Staff and students at Nottingham Trent University are celebrating today after winning a prestigious Gold Award at the Chelsea Flower Show. The University won the coveted award with its traditional 1950′s Hebridean weaver’s garden, designed by student Jackie Setchfield. It was one of four 5x4m gardens entered into the popular artisan section of the centenary show.
Students from across the University’s horticulture courses helped to develop theMotor Neurone Disease – A Hebridean Weaver’s Garden with Jackie, who is studying a foundation degree in garden design in the University’s School of Animal, Rural and Environmental Sciences.
Jackie’s design depicted a garden on the Isle of Lewis, brimming with dye plants, the extracts of which would have been used to dye fleece, and woven to create our famous Harris Tweed cloth. The garden was intended to be a nostalgic look back to an arduous way of life within these tight knit communities, which continued here in the Hebrides until the late 1960s.

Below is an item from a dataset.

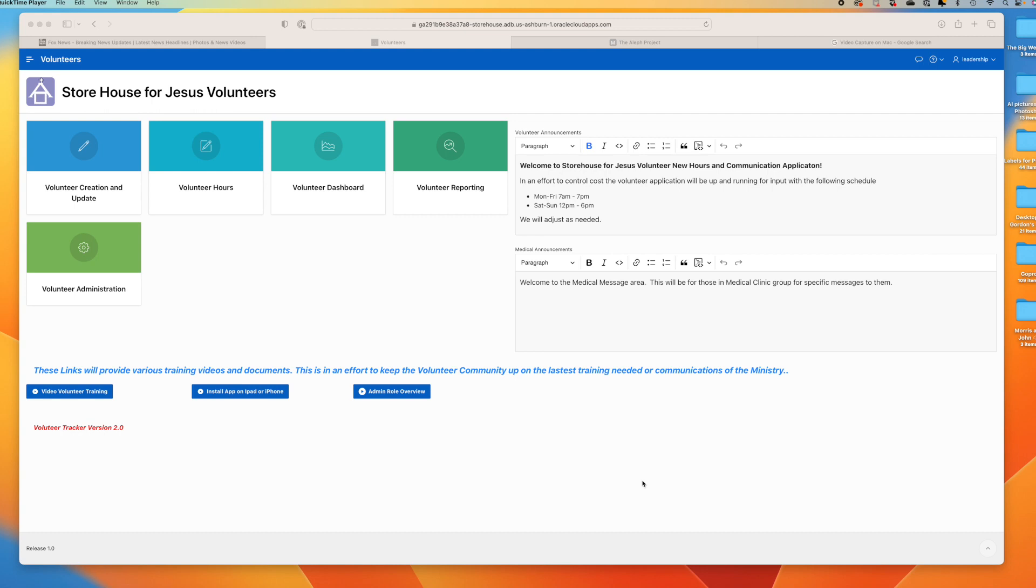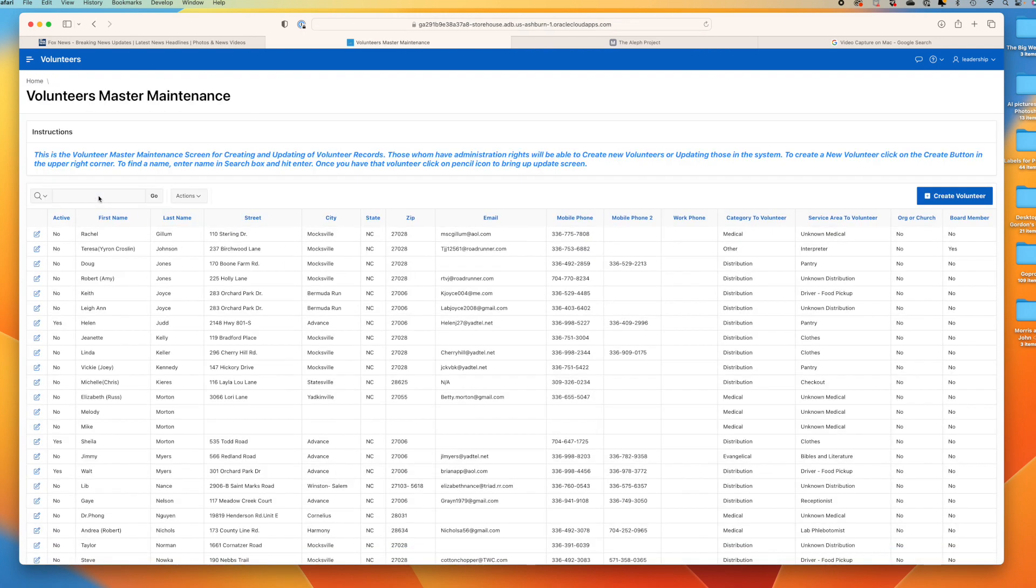To create a volunteer report, for example on every volunteer that's active, you sign on as leadership, come up here to this button 'Volunteer Creation and Update', and you'll notice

As well as a black house structure it includes a spinning wheel, dye pot and a range of dye plants available in the middle of the last century – including ladies bedstraw, bog myrtle, bogbean and knapweed. There is a stream – or burn – with small waterfalls, along with wetland plants, wildflowers such as harebell, foxgloves and tufted vetch, as well as heathers, ferns, a tree and a small kitchen garden growing potatoes, onions and cabbages.
The brief for the garden was provided by Motor Neurone Disease Association co-founder, Martin Anderson and it was created to help raise awareness of the charity. Martin also worked alongside the university five years ago, when his Shetland-inspired show garden won the coveted gold award and the People’s Choice Award at the Chelsea Flower Show.
Jackie said: ”The most challenging aspect of the project was probably the meticulous research and planning which went into this. I was honoured to have the assistance of all sorts of people eager to help, from the charismatic curator of blackhouse museum on Lewis, the staff at the Harris Tweed mills, to the esteemed librarians at RHS Wisley.
“I visited the Isle of Lewis to source some of the plants, garden features and materials included in the design to ensure that it was as authentic as possible. It was also vital to feel the atmosphere of the islands themselves, to capture their wild romantic spirit and translate that essence into the build.”
Congratulations to all involved!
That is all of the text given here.